[DATA FOR THIS EXERCISE Boundary: Start]

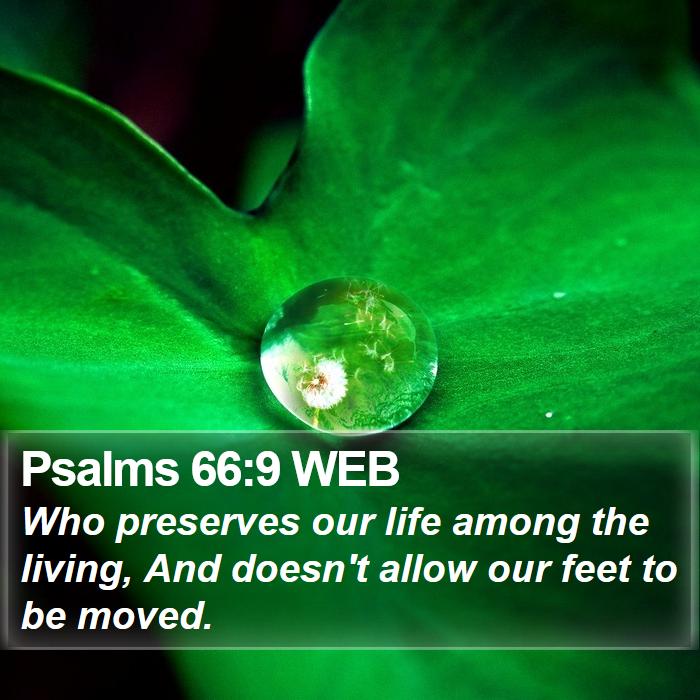 Psalms 66:9 WEB Bible Study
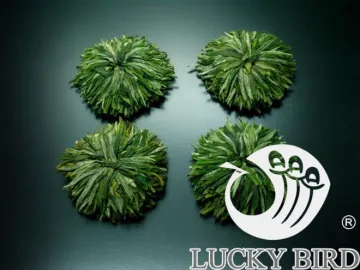 Blooming Tea Green Poney (Mu Dan)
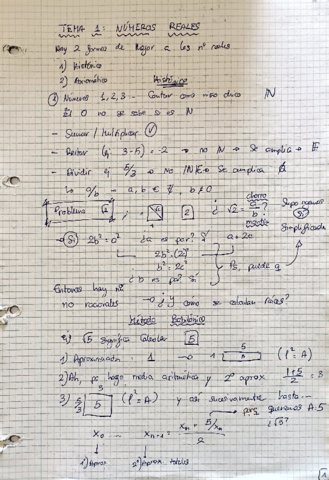 Temario-Problemas-y-Practicas.pdf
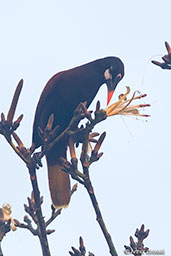 Montezuma Oropendola, Tikal, Guatemala, March 2015 - click for larger image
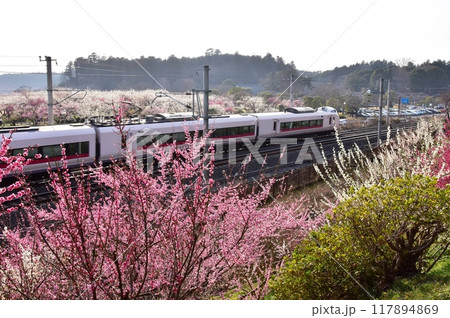 水戸市　偕楽園梅林周遊路の満開梅の花と常磐線 117894869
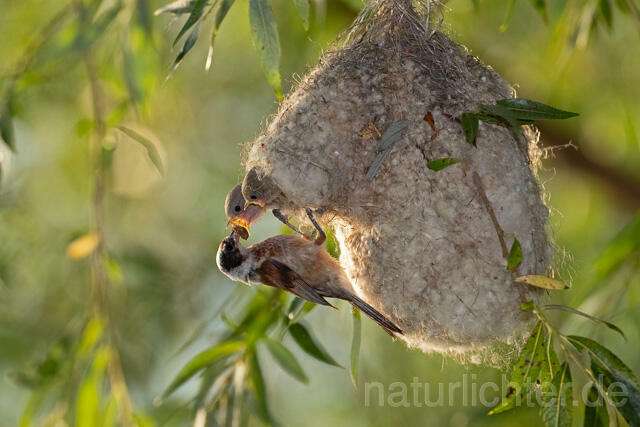 R12717 Beutelmeise am Nest, European Penduline Tit at nest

[DATA FOR THIS EXERCISE Boundary: End]

→ **WHAT IS EXPECTED**: No picture is to be included when the lines from the one containing "水戸市　偕楽園梅林周遊路の満開梅の花と常磐線 117894869" through the end of the material above are output exactly; nothing else is written.

→ **RESPONSE AREA**:
 水戸市　偕楽園梅林周遊路の満開梅の花と常磐線 117894869
 R12717 Beutelmeise am Nest, European Penduline Tit at nest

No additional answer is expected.